Our scope was the empirical treatment of fever (ie, treatment in the first 24 hours when a confirmed microbiologic or other cause was not available) in adult patients who had neutropenia according to results of laboratory testing. We first attempted to define the optimal FN care model within our institution. With an evidence-based review and the infectious disease physician stakeholders identified as subject matter experts, we used a modified Delphi approach to construct a care model on the basis of published guidelines and local practice. In the modified Delphi model, subject matter experts were asked to separately submit what they considered the most critical elements and pathways to optimal care of a patient with FN. Then, they were asked to vote anonymously on a ranking of these elements in sequential rounds of online voting. The separate submission and anonymous voting process were intended to facilitate experts’ convergence on an answer to a problem without concerns of disagreements leading to repercussions or rhetoric swaying opinions more than re-evaluation of evidence. When convergence on critical elements was consistent with the guidelines, we constructed a model identifying the critical elements for an evidence-based algorithm for local FN empirical care (Fig 1).

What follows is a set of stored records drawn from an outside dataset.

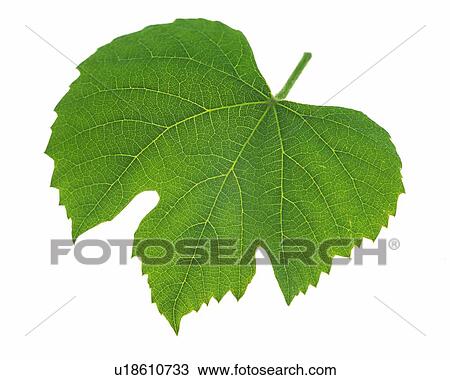 Single Leaf, High Angle View, Close Up View Large Photo Image Stock Image - Single Leaf, High Angle View, Close Up. Fotosearch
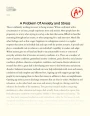The Problem of Anxiety and Stress and Its Treatment Essay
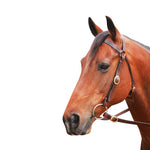 Showcraft - Brass Barcoo 3/4 Bridle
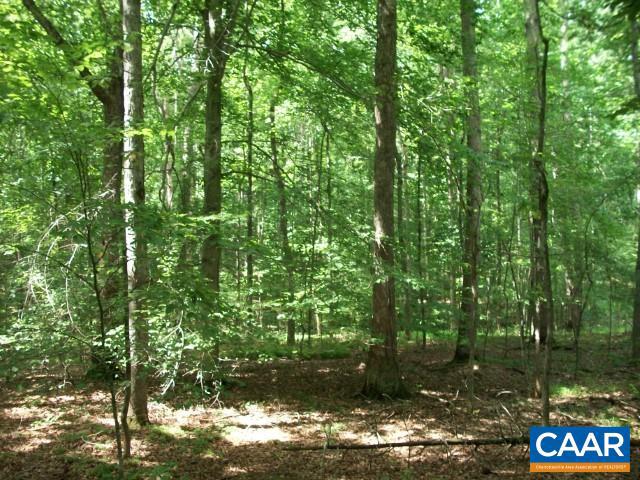 LOT 36 FOXWOOD DR #36, BARBOURSVILLE, Virginia 22923, ,Land,For sale,LOT 36 FOXWOOD DR #36,633264 MLS # 633264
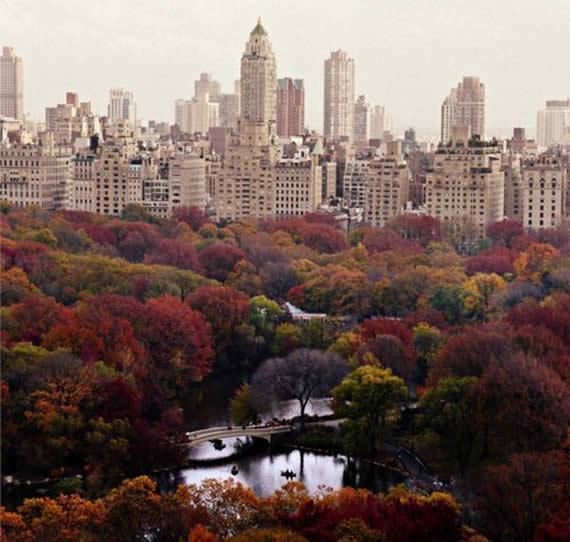Fall in Central Park, New York (12)
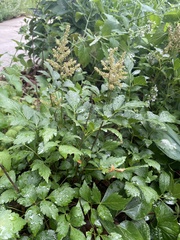 Astilbe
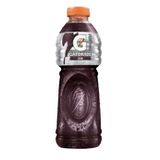 Gatorade Uva 500ml - Day 2 Day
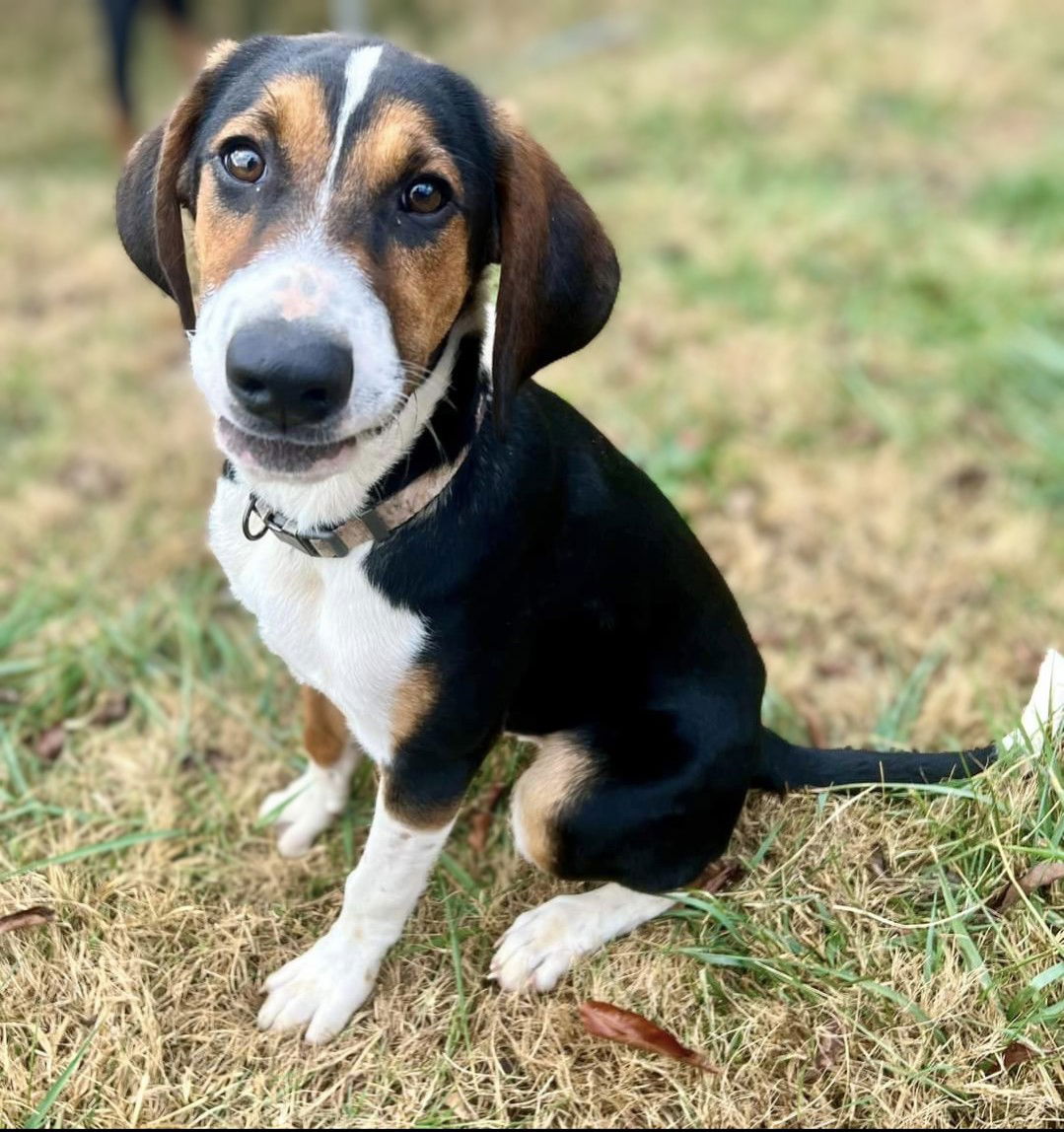 Dog for Adoption - Arlo, a Bernese Mountain Dog in Robbinsville, NC ...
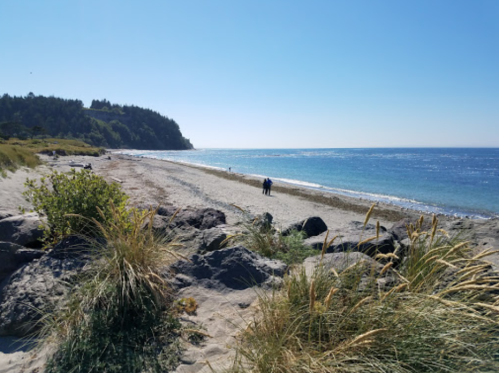 A serene beach scene with gentle waves, sandy shore, and people walking along the water under a clear blue sky.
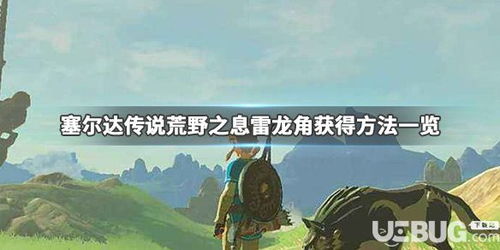 荒野煌雷龙讨伐秘录：揭秘全新狩猎传奇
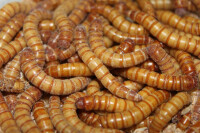 Mehlwürmer Groß 1kg im Karton gallery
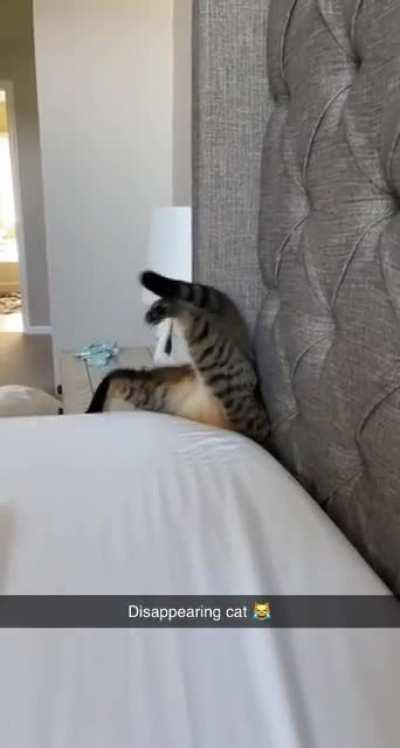 Down the mattress drain...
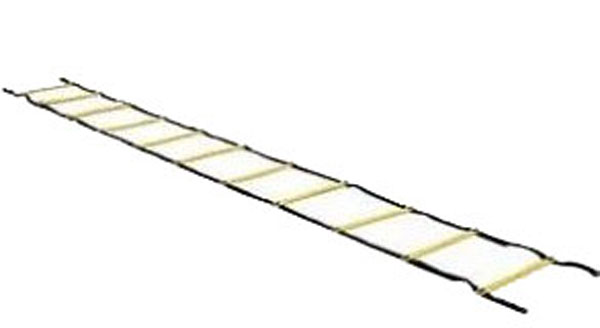 Aserve Agility Stige 4 M - Perfekt til sjov træning!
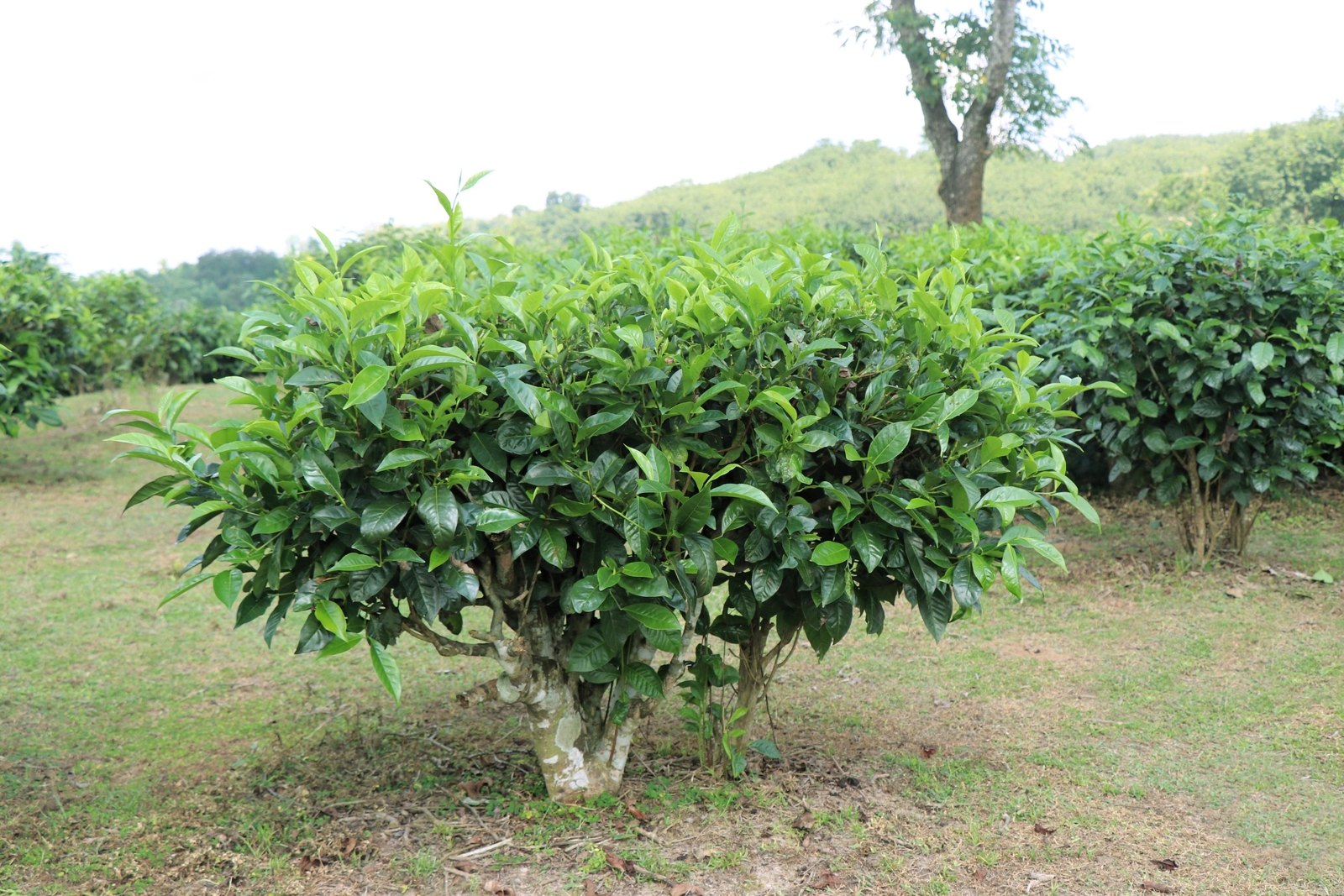 5 TEA PLANT Black & Green Drinking Tea Camellia Sinensis Tree Shrub Flower Seeds
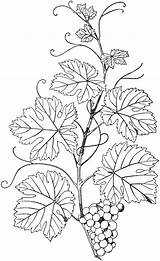 Vine Natural Branch Coloring Etc Branches Patterns Pages Usf Edu Drawing Clipart Colouring Pyrography Original Large sketch template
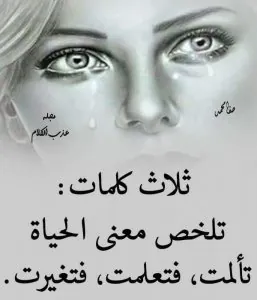 FB_IMG_1552777069598.jpg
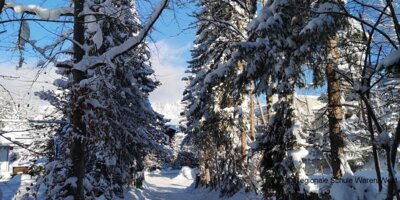 Foto des Albums: Tagebuch Skilager 4.Tag (2020)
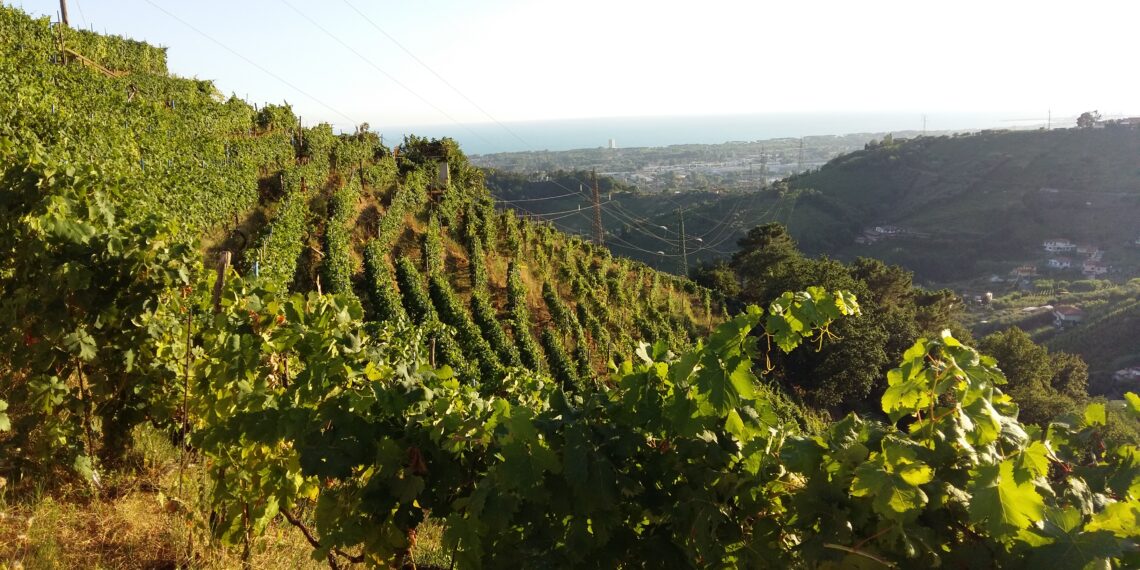 Nuova Convenzione Tessera Turit con il Podere Scurtarola (MS)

Fig 1. — Screenshot of the AskMayoExpert interface for the febrile neutropenia algorithm. PICC, peripherally inserted central catheter. (Used with permission of Mayo Foundation for Medical Education and Research.)

Measuring Compliance With Best Practice

The algorithm was used to evaluate our baseline compliance with best practice. Errors were categorized as critical (ie, having more immediate clinical impact; pertaining to treatment or antibiotic choices or to major diagnostic studies, such as radiologic studies or invasive studies) or noncritical. This division between critical and noncritical processes was based on discussion with subject matter experts and considered those that affect care immediately (eg, invasive procedures and antibiotic choices) or have a high cost (invasive or radiologic studies) as critical, whereas deviation from laboratory testing was designated as noncritical.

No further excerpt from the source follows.